Pocos días estuve de regreso en Venezuela después de
vivir allí tantos años y en ese breve tiempo vi ejemplos de frivolidad hasta en
las cosas más pequeñas. Como en San Cristóbal, mientras hacíamos una fila para
esperar un taxi a la entrada del centro comercial. Una mujer que iba delante de
nosotros no quiso seguir avanzando porque llovía y por un costado de donde
estábamos se colaban unas pocas gotas de lluvia y se le iba a dañar el alisado del pelo. Nos
dijo con todo orgullo que, si queríamos, siguiéramos pero que bien sabíamos que
ella iba delante de nosotros. Quise patearla, lo juro. Quise enfrentarla y
decirle que no fuera ridícula, que esos seis metros cuadrados que ocupábamos en
ese momento no le pertenecían, que respetara a los demás que estábamos en la
fila y se dignara a moverse a donde le correspondía, pero yo ya sabía que era
un asunto perdido y que para ella gastarse un mes de sueldo en una peluquería
para perderlo por culpa de un turista imbécil era algo que sencillamente no iba
a suceder.
Ya en Maracaibo vería uno de los mayores ejemplos de desidia al ver las filas, colas les dicen, de cientos de personas
detrás de los supermercados esperando su turno para comprar productos con
precios regulados por el gobierno (a Dios gracias) para luego salir con las
bolsas rebosantes, orgullosos, de manera tal que quien no tiene tiempo para gastar
todo el día dedicado a una fila de un supermercado (porque trabaja a tiempo
completo) los vea y les ofrezca cinco, diez, quince, veinte veces más de lo que
cuesta alguno de esos productos que hace días no logra llevar a su casa.
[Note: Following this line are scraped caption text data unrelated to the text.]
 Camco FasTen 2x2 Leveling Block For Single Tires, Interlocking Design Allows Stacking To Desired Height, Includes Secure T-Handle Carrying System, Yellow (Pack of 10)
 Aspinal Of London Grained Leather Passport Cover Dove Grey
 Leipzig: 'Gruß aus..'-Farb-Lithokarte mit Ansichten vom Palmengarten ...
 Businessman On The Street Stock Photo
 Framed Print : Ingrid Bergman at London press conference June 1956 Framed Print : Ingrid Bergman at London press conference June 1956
Entonces,
el que hizo la cola todo el día hizo ya su trabajo, ya lleva suficiente dinero
para todos sus gastos y para esperar el siguiente cliente camino a casa o el
siguiente día que le corresponda ir al trabajo a hacer una cola en un
supermercado. A estos profesionales
de la inflación, estos conocedores de la mina de oro en que se
convierten los productos revendidos, se les conoce en todo el país como
“bachaqueros”, en alusión a la Atta laevigata, hormiga cortadora de nuestra
región, hermana de las colombianas hormigas culonas, que en Venezuela llaman
bachaco y es considerada una plaga.
Quien hable con cualquier venezolano en estos días no
sabrá contarles otra cosa, cómo debe ingeniárselas para conseguir alimento,
productos del hogar y de aseo personal, revendidos o incluso en intercambio por
otra cosa que no se consiga fácilmente, como las medicinas.
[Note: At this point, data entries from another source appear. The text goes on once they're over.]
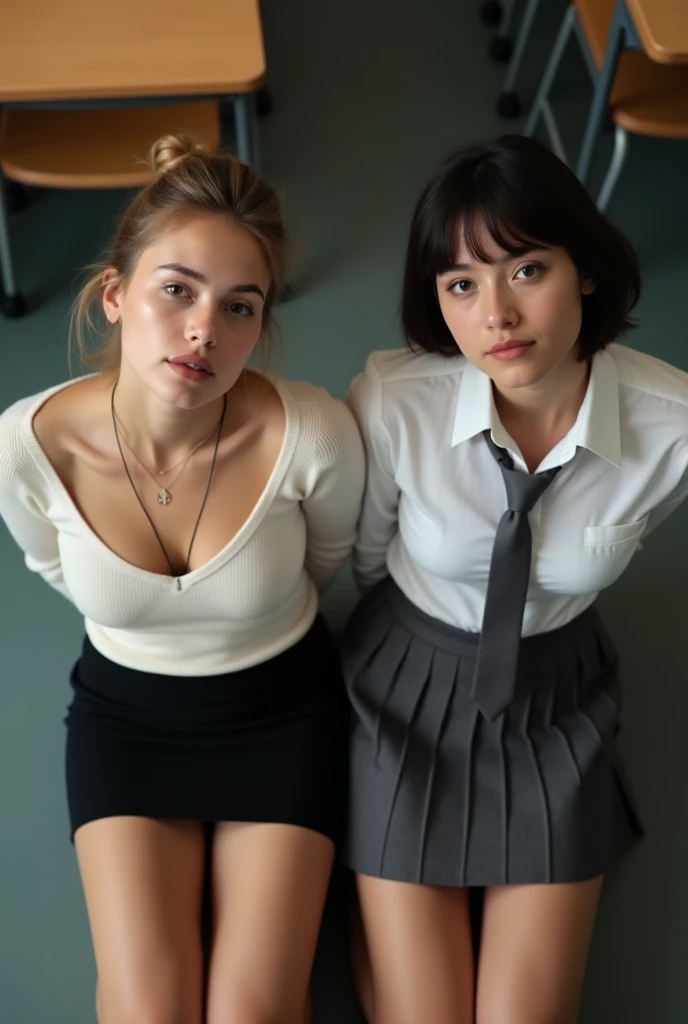 Realistic photo from above of two slim pretty Caucasian women in a British classroom. One is aged 21 and has light-brown hair in a bun and is wearing a tight white cashmere sweater and a straight black miniskirt. The other is aged 18 and has short dark hair in a bob and is wearing an unbuttoned tight white shirt, a dark-grey tie, and a dark-grey pleated miniskirt. They are kneeling in the classroom, looking up to the camera. They both have both hands behind their backs. Their mouths are slightly open.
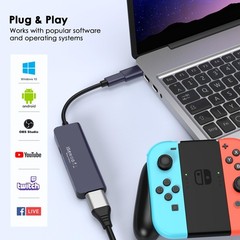 USB 3.0 Video Capture Card with PD 100W, Recording 4K, 1080P 60FPS, HDMI to U…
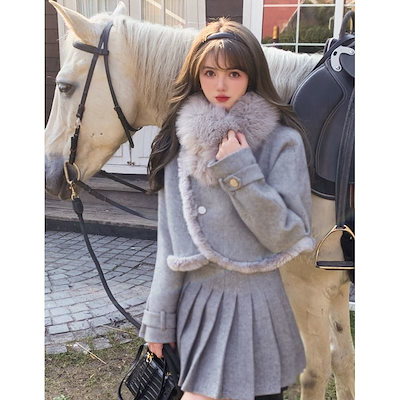 小さな気質のウールのステッチのプラッシュ ショート コート ハイ ウエスト プリーツ スカート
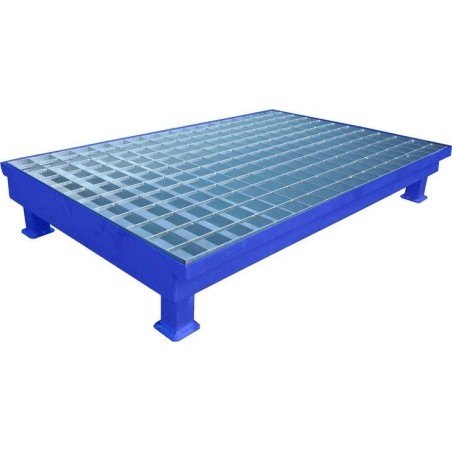 WiZ Stahl-Auffangwanne mit Gitterrost, Fassungsvermögen 100 l, Maße 1200 x 800 x 200 mm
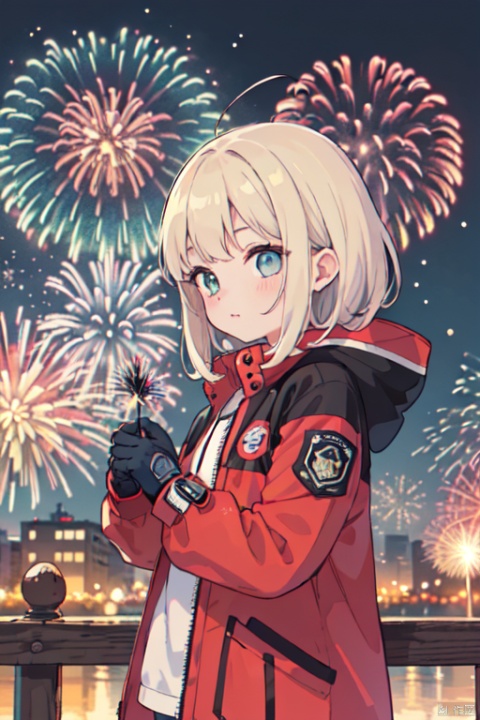 funny picture,winter,Cute little girl in red down jacket,Bring gloves,ear cover,brightness eyes,Pleasantly surprised expressions,adolable,(Brilliant fireworks outside the window,Huge fireworks,Extremely colorful), enhance, intricate, (best quality, masterpiece, Representative work, official art, Professional, unity 8k wallpaper:1.3)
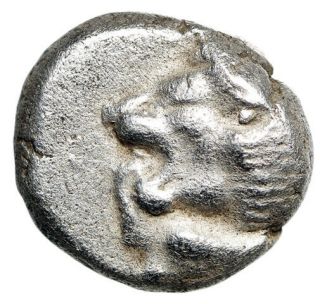 Ionia,  Miletos Ar Diobol (1/12 Stater) " Lion & Star / Flower " 6th Century Bc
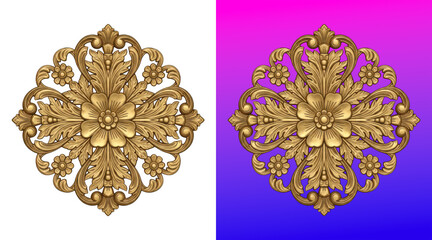 Intricate gold floral decorative motif ornate design © Abdur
De eso oí hablar en cada visita que hicimos. A veces,
en alguna de esas conversaciones durante esas noches, una llamada a un celular
interrumpía para informar en qué lugar alguien había encontrado leche o
desodorantes, entonces la noticia se compartía con alivio a todo el resto de la
familia.
Frivolidad, hermana de la desidia, allí se me presentó
toda iluminada, satírica y sonriente y me dijo soy el mal de todos los males de
este país que visitas, Venezuela. Pero basta por ahora de cosas tristes; aún
quedan pocos días y un regreso por contar de esta breve travesía.